Lifestyle

Protecting plants from winter damage

As if the severe wind on our more tender broadleaved plants, like aucubas (above), is not bad enough, winter sunshine can burn their foliage. - Contributed
As if the severe wind on our more tender broadleaved plants, like aucubas (above), is not bad enough, winter sunshine can burn their foliage.
— image credit: Contributed

Thanks to La Nina, our winter so far has been milder and drier than usual.

However, winter doesn’t end until March 20, so there could still be challenging weather ahead.

We all have unhappy memories of the severe cold at the end of last February. The good news is we can take some steps to minimize the affects.

The first suggestion I would like to make pertains to hardiness. Most of us know which hardiness zone we live in and should, therefore, be planting only those plants that will tolerate that zone.

Certainly slight variations will exist, but as a rule of thumb, most of the plants zoned for your region will take the worst most winters have to offer.

If you don’t know your zone, you can easily find out from a local nursery.

Greater Vancouver is generally rated Zone 7, and as you move east through the valley, Zone 6 is the norm.

From experience, I know that no gardener worth his or her salt pays much attention to zones. Virtually all gardeners set out plants they know are not hardy in their region, but they insist that with a little extra protection, these plants will survive. Unfortunately, that protection is not always applied until it’s too late.

There are, however, some techniques that can add a few degrees of hardiness to many plants. One thing I noticed after an early November cold spell three years ago was that plants growing in very well-drained, sandy soil survived the cold with the least amount of damage.

It seems that if a plant’s roots have had to work harder for moisture and food, the plant is tougher and stops growing earlier in the fall. As a consequence, its branches and buds become dormant earlier, preventing severe damage from the cold.

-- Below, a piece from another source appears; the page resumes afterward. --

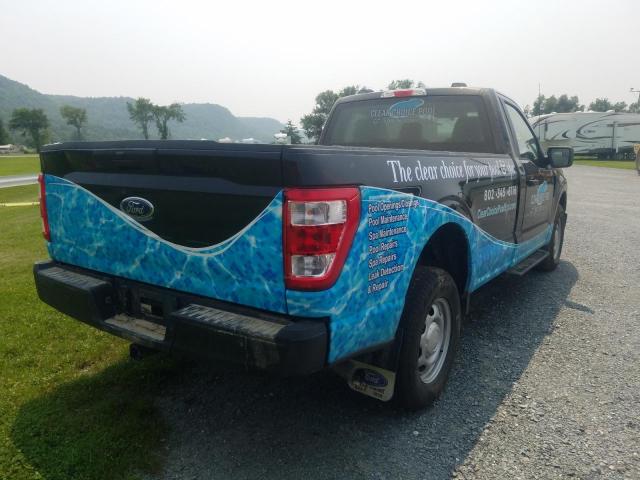 Image 3 of 2022 FORD F150  2022 with VIN 1FTMF1EP4NKE47339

These plants also tend to stay dormant longer and suffer far less root damage because with a lower moisture content, the soil is not moved about so much by the frost.

Planting all your plants, particularly the softer ones, in well-drained sandy loam is a sure way to toughen them up.

Further protection for more tender plants is a good mulching with fir or hemlock bark mulch or even with sawdust. Mulching makes an incredible difference both in summer and winter. It retains critical moisture necessary at both times of the year.

Immediately after a cold spell, when the temperature is on the rise and the frost is coming out of the ground, it’s essential to get moisture back into our plants, especially for those planted under eaves. Soak the living daylights out of the foliage of broadleaved plants and thoroughly penetrate the root system with water.

A good watering can really make quite a difference to the amount of damage to so many plants.

Desiccation from cold, drying winter winds is another major problem. As if the severe wind on our more tender broadleaved plants, like aucubas, photinias, rhododendrons and azaleas, is not bad enough, winter sunshine can burn their foliage.

Not only is it important to create wind breaks around our softer plants, it’s also essential to keep winter sunshine off them in severe cold.

We always winter our rhododendrons in a lath house that both shades them and acts as a wind break.

One of the important things to do, particularly where plants are exposed to cold outflow winds, is to create a tripod of strong bamboo canes and wrap the plants with the new insulating cloth, ‘N-Sulate’, which can make a eight to 10 degrees C difference.

It is also important to check bulbs and roots stored in garages and sheds to make sure they are insulated from severe cold and freezing.

Small greenhouses are wonderful for starting new plants and keeping over old ones, but plastic and glass are very susceptible to cold.

Greenhouses need to be not only heated, but insulated with bubble poly on the inside to help alleviate the severity of the cold.

Wet heavy snow can break and bend many weaker plants, so staking them and wrap them tightly with twine for extra support will make a huge difference.

Experiencing numerous years of cold winters in our gardens has taught us many good lessons.

First and foremost, never let your guard down. A couple of years of mild winters can lull us into winter complacency. Make sure you always prepare the appropriate winter protection.

Secondly, as bad as it may seem, don’t assume the worst until new growth appears, or doesn’t appear, in the spring.

Finally, cold winters are just a part of the gardening cycle.

Passionate gardeners will keep on planting tender plants – losing a few is part of the learning curve we all go through.

Brian Minter owns and operates Minter Gardens just outside of Chilliwack.